--- TASK ITEM ---
Down to the last line below, write out every line exactly, starting with the one that contains "5NPEU46F99H467544 - 2009" and leaving out the pictures.

--- EXTRACTED INFORMATION ---
**********
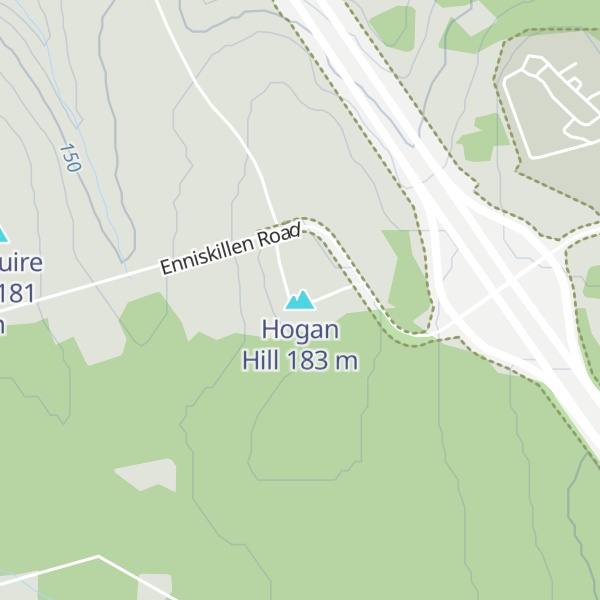 Map of Hogan Hill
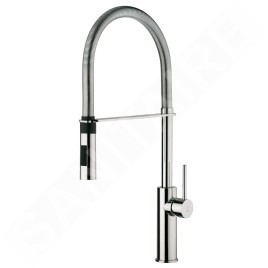 Paffoni Light - Mitigeur d’évier avec bec flexible, chrome LIG179CR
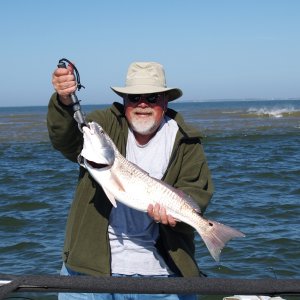 My first redfish! 3" over slot size so had to release.
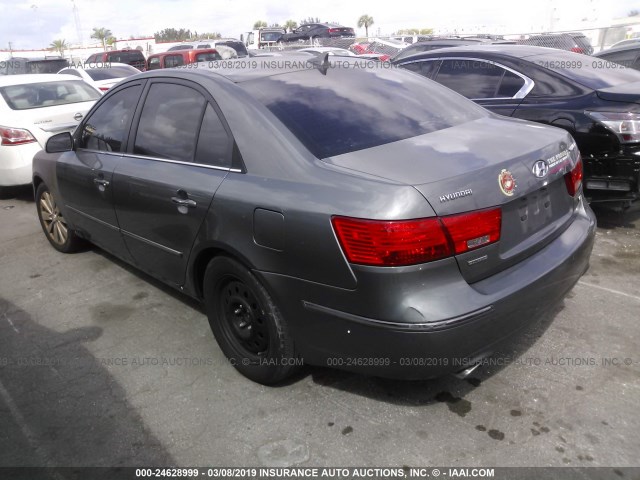 5NPEU46F99H467544 - 2009 HYUNDAI SONATA SE/LIMITED GRAY photo 3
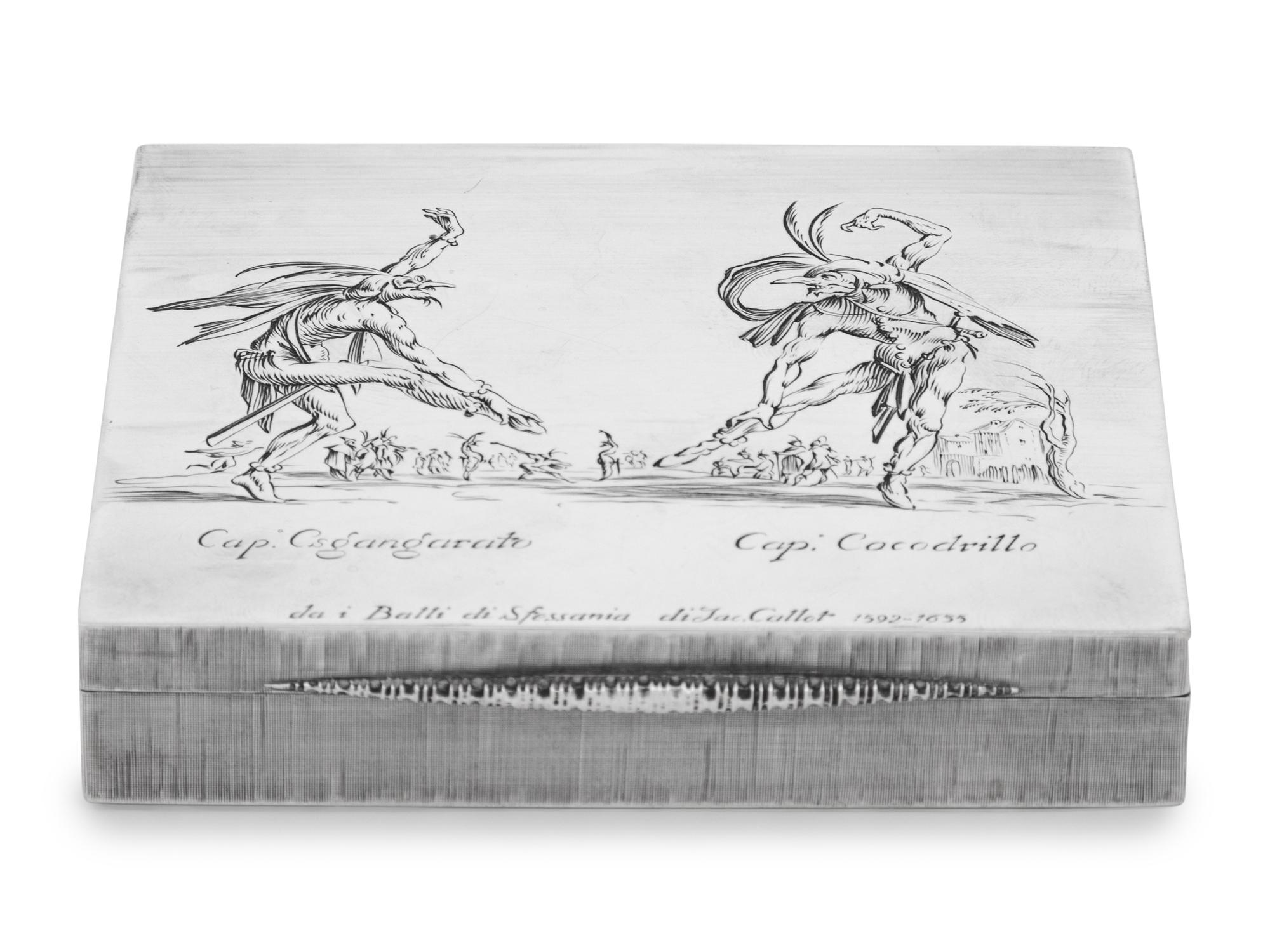A Buccellati Silver Cigarette Box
**********
--- SOLUTION TO THE EXERCISE ---
 5NPEU46F99H467544 - 2009 HYUNDAI SONATA SE/LIMITED GRAY photo 3
A Buccellati Silver Cigarette Box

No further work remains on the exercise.